Quatro anos depois da foto — em 2016, portanto –, o coronel foi preso em flagrante no interior de um carro com uma criança de dois anos de idade nua. Como desdobramento desse flagrante, houve outras denúncias, e o coronel foi apontado como participante de uma rede de pedófilos, com a denúncia de um pré-adolescente que também teria sido abusado por ele.

A foto de Flávio Bolsonaro com o pedófilo não significa nada em si. Políticos tiram foto com todo mundo, e PMs da ativa ou reformados fazem parte do núcleo duro de apoiadores da família Bolsonaro, além, é claro, os milicianos.

O que chamou a atenção à época foi a reação desproporcional de Flávio Bolsonaro, no mesmo tom da resposta que Jair Bolsonaro deu à Globo recentemente quando foi divulgado o caso do porteiro.

Flávio, então candidato a prefeito do Rio de Janeiro, ameaçou processar todo mundo que compartilhasse a foto.

“Quero falar para essa meia dúzia de vagabundos que está espalhando foto minha junto com o coronel que foi preso em flagrante agora, aliciando menor, com menor pelada dentro do carro dele, que vocês parem com isso e me respeitem”, disse.

Foi muito mais do que meia dúzia que divulgou a foto, e ele não processou ninguém, até onde se sabe.

O projeto de Gleisi não inova no tratamento que a Justiça deve dar a casos de pedofilia como o que levou o coronel Chavarry Duarte à cadeia. Mas mostra uma preocupação com fragilidade de crianças, algo que não sensibilizou Jair Bolsonaro, que preferiu fazer média com o núcleo duro de seus apoiadores.

Os PMs já têm poder suficiente, sobretudo oficiais. Não precisam de mais leis que o protejam.
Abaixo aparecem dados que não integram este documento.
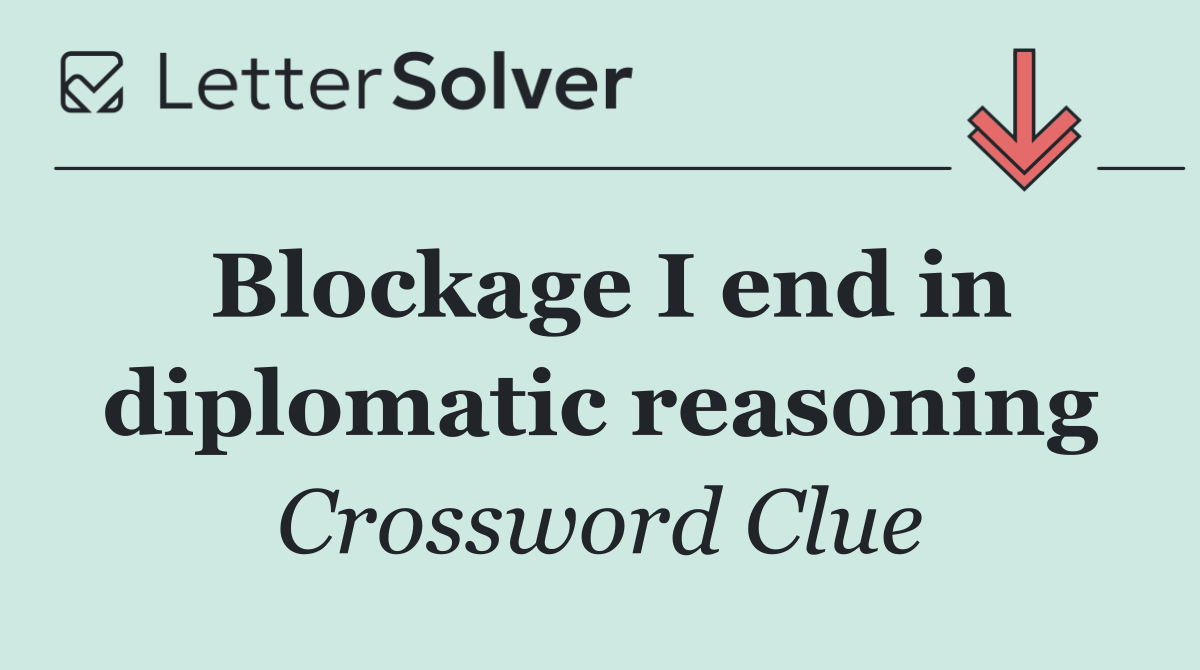 Blockage I end in diplomatic reasoning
Um exemplo desse poder é o próprio caso do coronel. Três anos depois, ele ainda recebe salário de R$ 34 mil da PM, apesar de condenado a 11 anos de prisão e de um processo administrativo aberto para expulsá-lo da corporação.

O oficial conseguiu suspender recentemente o processo administrativo no Tribunal de justiça do Rio de Janeiro.

Usar a foto de Flávio para associá-lo a um pedófilo é exagero. Mas dizer que Jair Bolsonaro menospreza a proteção a crianças e adolescentes não é nenhum absurdo. Pelo contrário.